[TASK BRIEF]:
The lines below, from the one holding "Изучение нового материала" through the final line, are to be copied exactly, with no other lines and no pictures.

[INFORMATION]:

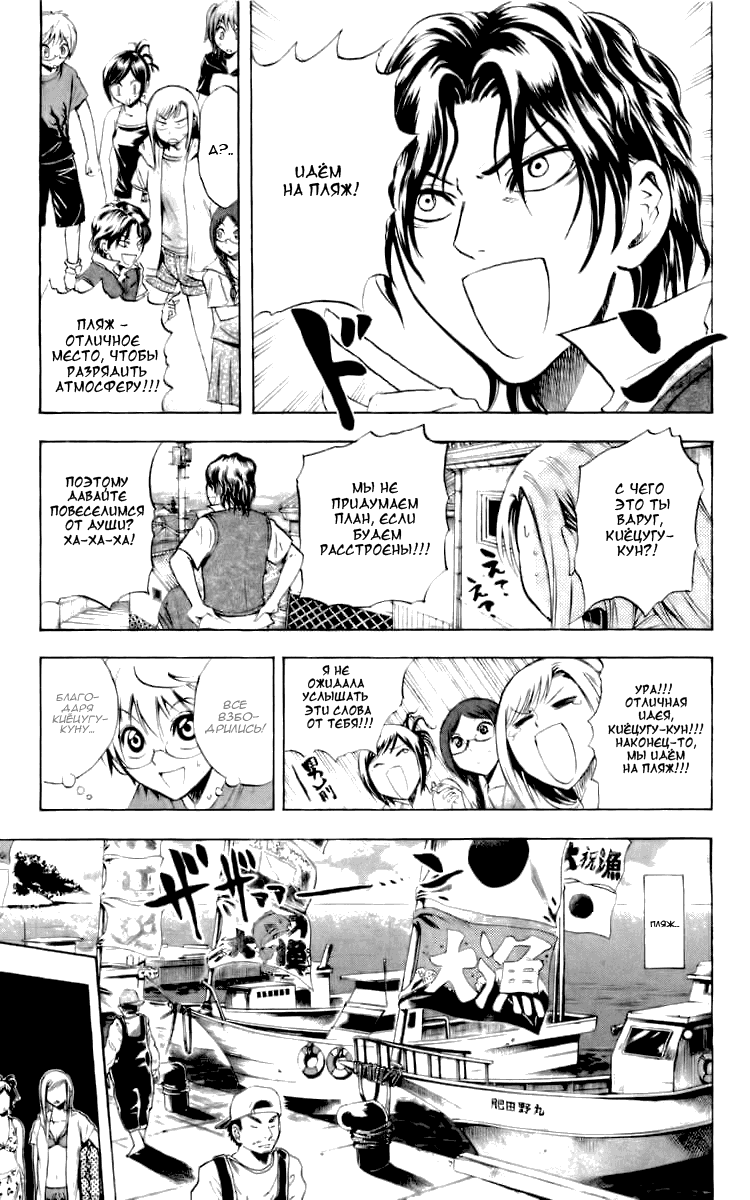 Манга Внук Нурарихёна - Глава 49 Страница 15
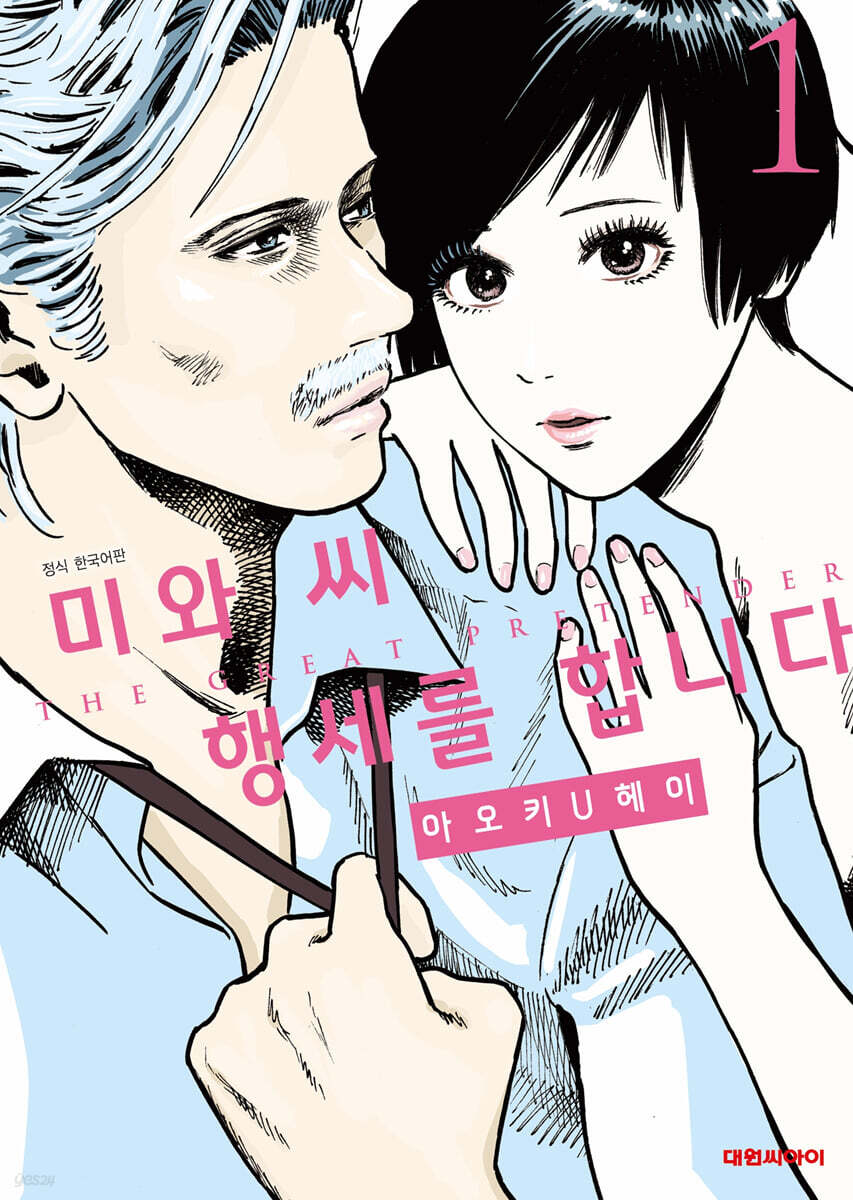 미와 씨 행세를 합니다 1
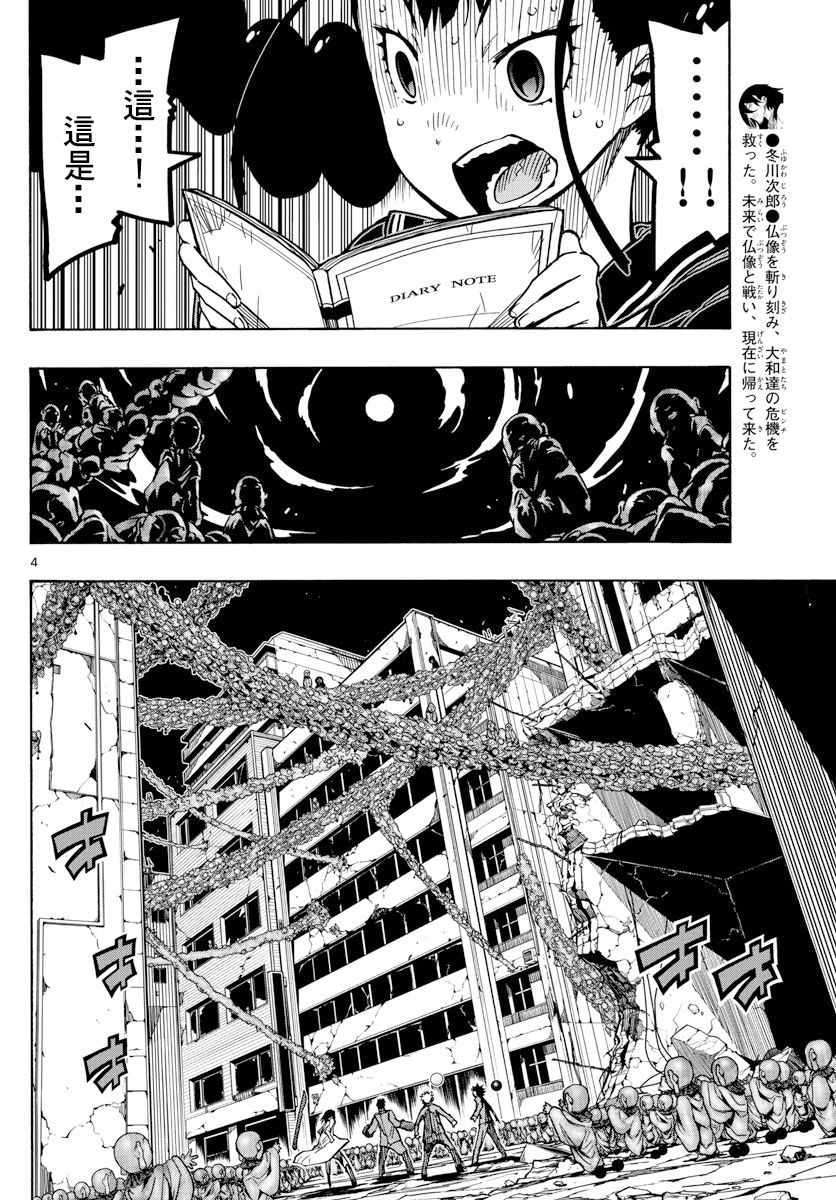 《5分后的世界》漫画最新章节第30话免费下拉式在线观看章节第【4】张图片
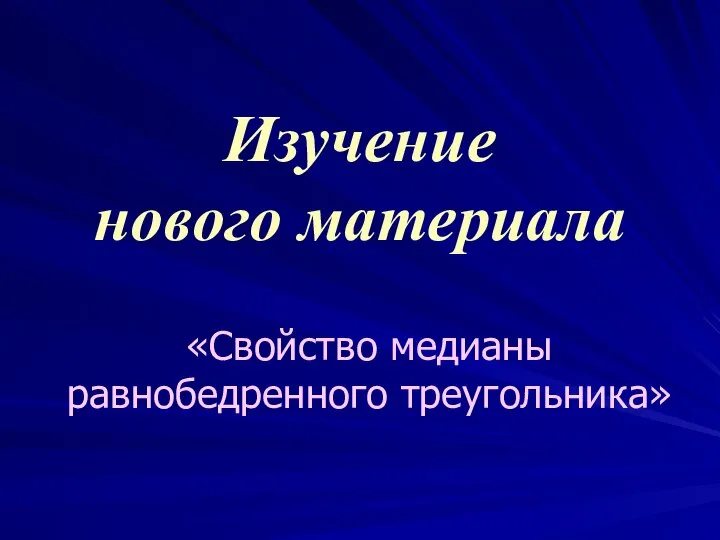 Изучение нового материала «Свойство медианы равнобедренного треугольника»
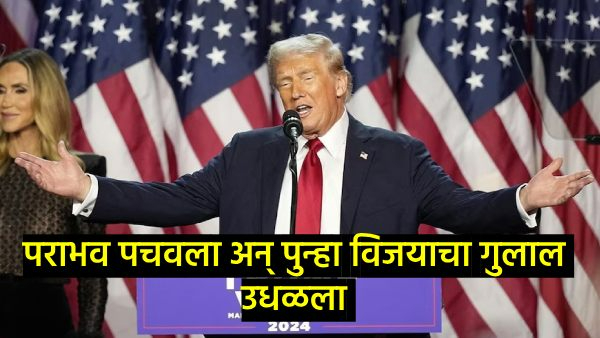 Us Presidential Election 2024 Us Presidential Election 2024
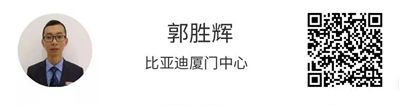 厦门盛世开元荣膺2019年度领先自主品牌奖
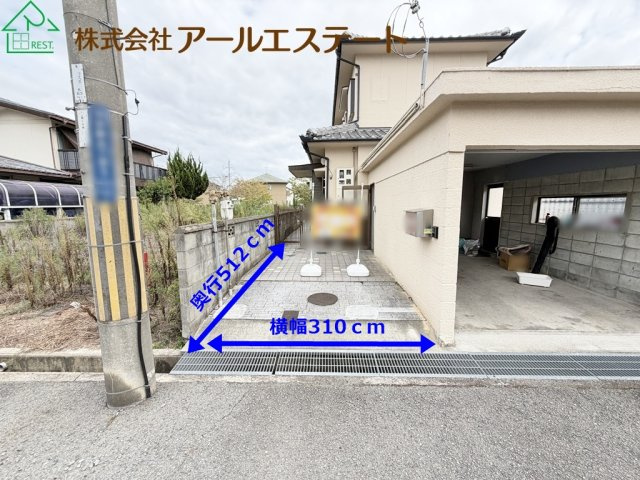 姫路市下手野5丁目　　JR姫新線「播磨高岡駅」徒歩15分の駐車場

[WRITTEN SOLUTION]:
 Изучение нового материала «Свойство медианы равнобедренного треугольника»
 Us Presidential Election 2024 Us Presidential Election 2024
 厦门盛世开元荣膺2019年度领先自主品牌奖
 姫路市下手野5丁目　　JR姫新線「播磨高岡駅」徒歩15分の駐車場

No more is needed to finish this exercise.